WARNING/CAUTION: Even though it may be rare, some people may have very bad and sometimes deadly side effects when taking a drug. Tell your doctor or get medical help right away if you have any of the following signs or symptoms that may be related to a very bad side effect:

• High potassium like abnormal heartbeat, confusion, dizziness, passing out, weakness, shortness of breath, numbness or tingling feeling

• Stevens-Johnson syndrome/toxic epidermal necrolysis like red, swollen, blistered, or peeling skin (with or without fever); red or irritated eyes; or sores in mouth, throat, nose, or eyes

• Severe dizziness

• Passing out

• Chills

• Sore throat

• Headache

• Fast heartbeat

• Fast breathing

• Flushing

• Severe loss of strength and energy

• Yellow skin or eyes

• Muscle pain

• Joint pain

• Abdominal pain

• Bruising

• Bleeding

• Twitching

• Seizures

• Unable to pass urine

• Change in amount of urine passed

• Numbness

• Tingling

• Weakness

Clostridioides (formerly Clostridium) difficile-associated diarrhea like stomach pain or cramps, very loose or watery stools, or bloody stools.

• Signs of an allergic reaction, like rash; hives; itching; red, swollen, blistered, or peeling skin with or without fever; wheezing; tightness in the chest or throat; trouble breathing, swallowing, or talking; unusual hoarseness; or swelling of the mouth, face, lips, tongue, or throat.

Note: This is not a comprehensive list of all side effects. Talk to your doctor if you have questions.

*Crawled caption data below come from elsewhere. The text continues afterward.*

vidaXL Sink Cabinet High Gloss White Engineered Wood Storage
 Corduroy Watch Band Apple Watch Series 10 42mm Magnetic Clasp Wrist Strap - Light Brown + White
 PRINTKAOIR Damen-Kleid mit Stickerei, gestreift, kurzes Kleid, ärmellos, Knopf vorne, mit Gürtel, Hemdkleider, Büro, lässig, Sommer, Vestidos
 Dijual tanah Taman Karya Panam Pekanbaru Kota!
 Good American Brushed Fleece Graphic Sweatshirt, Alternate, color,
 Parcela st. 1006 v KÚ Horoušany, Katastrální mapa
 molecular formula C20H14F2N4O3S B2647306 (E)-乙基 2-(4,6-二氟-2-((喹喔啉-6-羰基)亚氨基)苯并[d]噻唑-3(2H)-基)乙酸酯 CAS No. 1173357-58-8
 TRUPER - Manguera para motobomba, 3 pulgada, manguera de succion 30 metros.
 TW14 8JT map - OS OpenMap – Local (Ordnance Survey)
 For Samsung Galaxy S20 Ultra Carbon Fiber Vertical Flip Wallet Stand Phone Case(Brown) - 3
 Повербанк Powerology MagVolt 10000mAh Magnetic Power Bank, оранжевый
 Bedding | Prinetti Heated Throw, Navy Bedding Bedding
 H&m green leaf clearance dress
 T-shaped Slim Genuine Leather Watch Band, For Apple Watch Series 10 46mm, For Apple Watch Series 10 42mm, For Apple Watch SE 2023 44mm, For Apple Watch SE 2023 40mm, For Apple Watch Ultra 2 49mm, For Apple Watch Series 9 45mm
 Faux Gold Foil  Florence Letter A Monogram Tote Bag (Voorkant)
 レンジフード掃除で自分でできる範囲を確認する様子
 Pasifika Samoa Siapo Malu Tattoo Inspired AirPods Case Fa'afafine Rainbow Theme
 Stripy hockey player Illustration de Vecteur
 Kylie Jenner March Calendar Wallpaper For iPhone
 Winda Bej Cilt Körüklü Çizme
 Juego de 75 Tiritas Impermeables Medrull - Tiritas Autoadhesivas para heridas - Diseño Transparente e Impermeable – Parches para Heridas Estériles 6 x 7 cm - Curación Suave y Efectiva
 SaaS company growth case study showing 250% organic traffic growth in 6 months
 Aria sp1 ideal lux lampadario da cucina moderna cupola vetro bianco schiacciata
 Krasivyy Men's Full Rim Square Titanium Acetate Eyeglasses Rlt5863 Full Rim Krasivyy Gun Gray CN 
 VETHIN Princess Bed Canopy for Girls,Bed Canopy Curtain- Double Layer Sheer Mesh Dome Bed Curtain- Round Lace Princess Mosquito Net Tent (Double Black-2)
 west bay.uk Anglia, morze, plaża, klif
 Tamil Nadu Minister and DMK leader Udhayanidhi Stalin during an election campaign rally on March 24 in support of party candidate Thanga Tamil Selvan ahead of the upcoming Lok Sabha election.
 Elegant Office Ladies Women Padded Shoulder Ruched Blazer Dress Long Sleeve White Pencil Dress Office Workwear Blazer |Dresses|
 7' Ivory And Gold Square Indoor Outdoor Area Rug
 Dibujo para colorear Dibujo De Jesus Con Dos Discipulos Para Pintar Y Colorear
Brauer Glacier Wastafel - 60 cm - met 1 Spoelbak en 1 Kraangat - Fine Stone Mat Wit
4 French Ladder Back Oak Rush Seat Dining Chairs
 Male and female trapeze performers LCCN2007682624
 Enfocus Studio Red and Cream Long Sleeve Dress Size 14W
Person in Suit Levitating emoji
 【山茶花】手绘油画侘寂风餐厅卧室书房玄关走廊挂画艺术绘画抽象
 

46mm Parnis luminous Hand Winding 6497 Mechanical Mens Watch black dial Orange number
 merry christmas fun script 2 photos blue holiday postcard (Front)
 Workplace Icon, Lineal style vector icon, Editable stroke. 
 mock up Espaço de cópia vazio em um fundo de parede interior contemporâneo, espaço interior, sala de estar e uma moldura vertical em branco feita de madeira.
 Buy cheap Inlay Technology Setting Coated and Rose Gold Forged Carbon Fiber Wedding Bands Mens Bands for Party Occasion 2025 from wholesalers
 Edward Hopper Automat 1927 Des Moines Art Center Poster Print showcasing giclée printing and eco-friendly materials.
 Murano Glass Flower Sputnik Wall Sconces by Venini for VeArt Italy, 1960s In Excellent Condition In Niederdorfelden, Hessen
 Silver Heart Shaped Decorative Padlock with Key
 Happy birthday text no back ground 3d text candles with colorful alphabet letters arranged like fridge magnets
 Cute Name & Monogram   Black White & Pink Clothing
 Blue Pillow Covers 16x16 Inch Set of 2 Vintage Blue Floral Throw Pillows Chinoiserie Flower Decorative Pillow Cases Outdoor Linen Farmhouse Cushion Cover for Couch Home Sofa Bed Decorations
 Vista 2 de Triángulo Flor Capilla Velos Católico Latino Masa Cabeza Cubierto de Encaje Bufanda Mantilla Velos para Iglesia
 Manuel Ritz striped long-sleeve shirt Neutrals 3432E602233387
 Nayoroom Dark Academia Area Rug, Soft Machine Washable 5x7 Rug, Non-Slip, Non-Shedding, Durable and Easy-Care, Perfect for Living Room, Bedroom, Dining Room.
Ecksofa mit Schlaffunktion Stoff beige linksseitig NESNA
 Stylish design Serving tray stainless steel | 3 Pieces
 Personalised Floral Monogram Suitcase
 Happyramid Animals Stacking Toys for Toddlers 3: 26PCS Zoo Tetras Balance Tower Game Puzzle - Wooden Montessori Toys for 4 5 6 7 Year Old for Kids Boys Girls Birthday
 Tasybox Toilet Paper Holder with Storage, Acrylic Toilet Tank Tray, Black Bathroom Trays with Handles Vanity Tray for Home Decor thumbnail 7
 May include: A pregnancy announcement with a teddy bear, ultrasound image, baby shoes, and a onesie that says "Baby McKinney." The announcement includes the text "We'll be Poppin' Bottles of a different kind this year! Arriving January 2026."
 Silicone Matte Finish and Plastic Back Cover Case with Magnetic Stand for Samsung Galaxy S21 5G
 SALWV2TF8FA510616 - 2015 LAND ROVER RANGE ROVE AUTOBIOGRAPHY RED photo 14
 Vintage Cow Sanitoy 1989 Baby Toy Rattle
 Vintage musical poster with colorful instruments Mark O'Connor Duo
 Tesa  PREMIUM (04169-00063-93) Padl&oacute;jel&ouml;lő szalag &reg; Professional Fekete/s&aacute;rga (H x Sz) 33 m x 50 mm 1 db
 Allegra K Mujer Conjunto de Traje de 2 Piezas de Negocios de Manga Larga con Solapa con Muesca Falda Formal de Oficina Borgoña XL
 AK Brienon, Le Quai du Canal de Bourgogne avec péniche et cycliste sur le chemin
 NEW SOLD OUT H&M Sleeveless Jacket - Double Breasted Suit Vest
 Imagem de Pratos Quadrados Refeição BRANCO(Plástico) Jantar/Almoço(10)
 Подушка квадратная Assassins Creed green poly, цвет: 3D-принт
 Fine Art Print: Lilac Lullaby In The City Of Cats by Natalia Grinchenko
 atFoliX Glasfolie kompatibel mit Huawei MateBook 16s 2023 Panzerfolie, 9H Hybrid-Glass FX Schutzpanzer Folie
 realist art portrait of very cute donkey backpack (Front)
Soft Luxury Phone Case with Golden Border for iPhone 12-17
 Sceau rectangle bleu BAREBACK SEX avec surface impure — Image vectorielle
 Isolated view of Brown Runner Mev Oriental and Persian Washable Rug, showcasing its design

Consumer Information Use and Disclaimer: This information should not be used to decide whether or not to take this medicine or any other medicine. Only the healthcare provider has the knowledge and training to decide which medicines are right for a specific patient. This information does not endorse any medicine as safe, effective, or approved for treating any patient or health condition. This is only a limited summary of general information about the medicine's uses from the patient education leaflet and is not intended to be comprehensive. This limited summary does NOT include all information available about the possible uses, directions, warnings, precautions, interactions, adverse effects, or risks that may apply to this medicine. This information is not intended to provide medical advice, diagnosis or treatment and does not replace information you receive from the healthcare provider. For a more detailed summary of information about the risks and benefits of using this medicine, please speak with your healthcare provider and review the entire patient education leaflet.

Further information

Always consult your healthcare provider to ensure the information displayed on this page applies to your personal circumstances.